3.3.2. Innerhalb der Ausbildungssituation

(1) Jenseits des Lebens- und Ausbildungsbetriebs im Priesterseminar selbst ergeben sich für Seminaristen eine Reihe weiterer Gefälle:

(2) Klar und benannt sind die Machtgefälle im Zusammenhang mit der akademischen Ausbildung an der Universität; ein akademischer Abschluss ist Kriterium für die Weihezulassung. Für ein entsprechendes Institutionelles Schutzkonzept ist die Ludwig- Maximilians-Universität in München verantwortlich. (3) Ebenso klar und benannt ist die Rolle der Praxisanleiter, denen Seminaristen im Verlauf ihrer Ausbildung begegnen, sowie der Dozenten im Pastoralkurs: Sie geben gegenüber dem Forum externum ein Votum zur Eignung des Seminaristen ab.

(4) Unbewussten, aber oft nicht weniger effektiven Einfluss nehmen verschiedenste Einzelpersonen auf die Seminaristen; zu nennen sind hier insbesondere Heimatpfarrer oder andere Kleriker, ehemalige Seminaristen oder Mitglieder anderer Ausbildungshäuser. Innere Verbundenheit und fehlende Reflexion von Machteffekten aus derartigen Beziehungen gelten als potentiell gefährlich im Sinne des Missbrauchs.
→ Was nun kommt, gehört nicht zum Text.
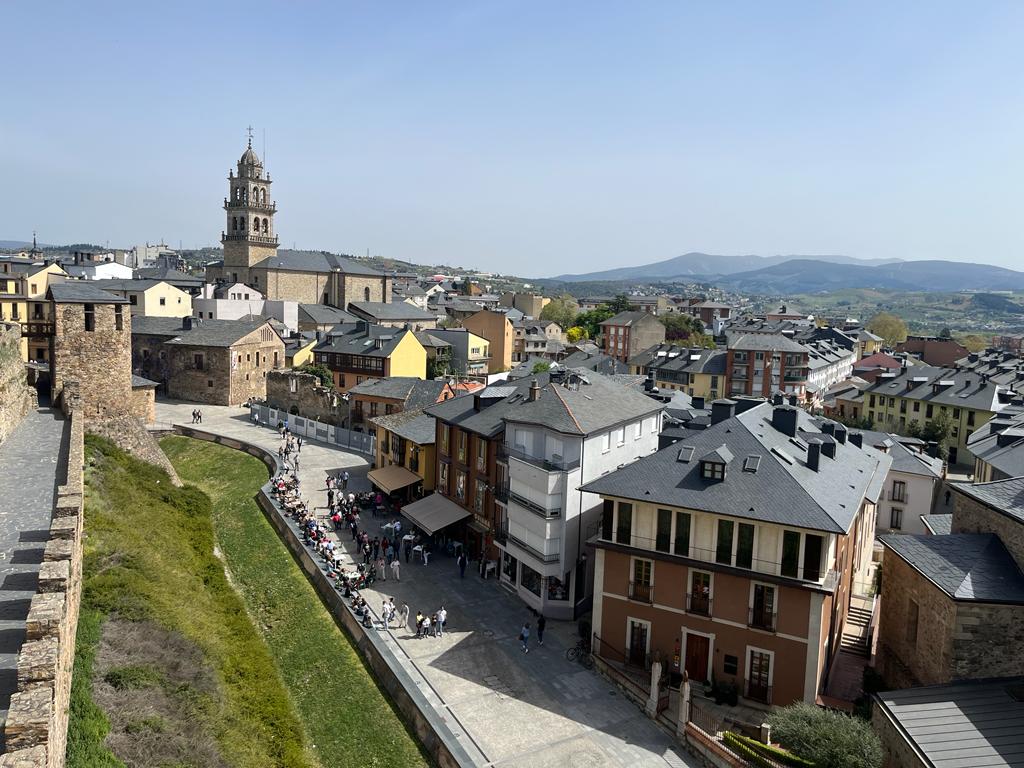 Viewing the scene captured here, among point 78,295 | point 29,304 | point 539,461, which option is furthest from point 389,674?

3.4. Wissensgefälle innerhalb der Seminarstruktur

(1) Bedingt durch die unterschiedlichen Rollen ergeben sich erhebliche Wissensgefälle innerhalb der Struktur des Priesterseminars München.

(2) Die Seminarleitung hat gegenüber den Seminaristen wie den Mitarbeitern ein multiples und relevantes Wissensgefälle durch Kenntnisse der Kirchen- und Diözesanpoltik, durch hochsensible Kenntnisse von Personalia innerhalb wie außerhalb des Seminars sowie durch diözesan- und seminargeschichtliche Kenntnisse, die sich auf die aktuelle Ausbildungsgestaltung auswirken.

(3) Mitarbeiterinnen und Mitarbeiter haben je nach Aufgabenbereich sensible Kenntnisse zu Personalführung und ökonomischen Verhältnissen, aber durch die Personalaktenführung auch zu einzelnen Seminaristen und ehemaligen Seminaristen.

(4) Seminaristen haben untereinander teils erhebliche biographische wie akademische Wissensgefälle. Unterschiedliche Lebensalter und Lebenserfahrungen sorgen für eine große Bandbreite an Haltungen und Reflexionsstufen unter den Seminaristen.(5) Im Ausbildungsfortgang sammeln Seminaristen Erfahrungswerte, die ihnen zunehmend einen Wissens- und damit Machtvorsprung vor Neuanfängern geben. (6) Durch Ämter, die sie bekleiden, bekommen einzelne Seminaristen Zugang zu Wissen und Kenntnissen sensiblerer Art. (7) Theologische oder andere Fachabschlüsse sorgen für Wissensvorsprünge einzelner, die hilfreich oder missbräuchlich eingesetzt werden können.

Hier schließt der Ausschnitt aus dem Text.